Я позвонил Суркову, мы встретились, и выяснилось следующее: Никита Сергеевич Хрущев, руководивший в это время работой Секретариата ЦК, прочитавши не то в четверг вечером, не то в пятницу утром номер с моей передовой «Священный долг писателя», позвонил в редакцию, где меня не было, потом в Союз писателей и заявил, что считает необходимым отстранить меня от руководства «Литературной газетой», не считает возможным, чтобы я выпускал следующий номер. Впредь, до окончательного решения вопроса – надо полагать, в Политбюро, это уж я додумал сам, – пусть следующий номер, а может быть, и следующие номера читает и подписывает Сурков как исполняющий обязанности Генерального секретаря Союза писателей.
Из дальнейшего разговора Сурков выяснил, что все дело в передовой «Священный долг писателя», в которой я призывал писателей не идти вперед, не заниматься делом и думать о будущем, а смотреть только назад, только и делать, что воспевать Сталина, – при такой позиции не может быть и речи, чтобы я редактировал газету. По словам Суркова – не помню, прямо говорившего с Хрущевым или через вторых лиц, – Хрущев был крайне разгорячен и зол.
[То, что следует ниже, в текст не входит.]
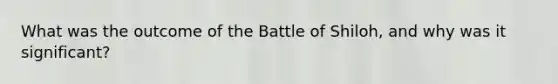 What was the outcome of the Battle of Shiloh, and why was it significant?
– Я лично, – сказал Сурков, – ничего такого в этой передовой не увидел и не вижу. Ну, неудачная, ну действительно там слишком много отведено места тому, чтобы создавать произведения о Сталине, что это самое главное. В конце концов, что тут такого. Можно в других передовых статьях снять этот ненужный акцент на прошлом. Сначала хотел послать к тебе гонца, вызвать тебя, а потом решил не расстраивать, может, за это время все обойдется. Номер, как мне сказал Косолапов, был готов, я приехал, посмотрел его и подписал. Фамилию твою не требовали снимать, требовали только, чтоб я прочитал и подписал номер. Вот и подумал, стоит ли выбивать тебя из колеи, ты сидишь там, пишешь. Вернешься в понедельник, может, к этому времени все утрясется.
Так оно в результате и вышло. На каком-то этапе, не знаю где, в Секретариате или в Политбюро, все, в общем, утряслось. Когда Сурков при мне позвонил в агитпроп, ему сказали, чтобы я ехал к себе в редакцию и выпускал очередной номер. Тем дело на сей раз и кончилось. Видимо, это был личный взрыв чувств Хрущева, которому тогда, в пятьдесят третьем году, наверное, была уже не чужда мысль через какое-то время попробовать поставить точки над «i» и рассказать о Сталине то, что он счел нужным рассказать на XX съезде. Естественно, что при таком настроении передовая под названием «Священный долг писателя» с призывом создать эпохальный образ Сталина попала ему, как говорится, поперек души. И хотя, видимо, его склонили к тому, чтобы мер, в горячке предложенных им, не принимать, невзлюбил он меня надолго, на годы, вплоть до появления в печати «Живых и мертвых», считая меня одним из наиболее заядлых сталинистов в литературе.
(Там же. Стр. 504—505).
Последняя реплика предполагает, что на самом деле никаким сталинистом он, конечно, не был. Но это – как посмотреть, от чего отталкиваться, с кем сравнивать.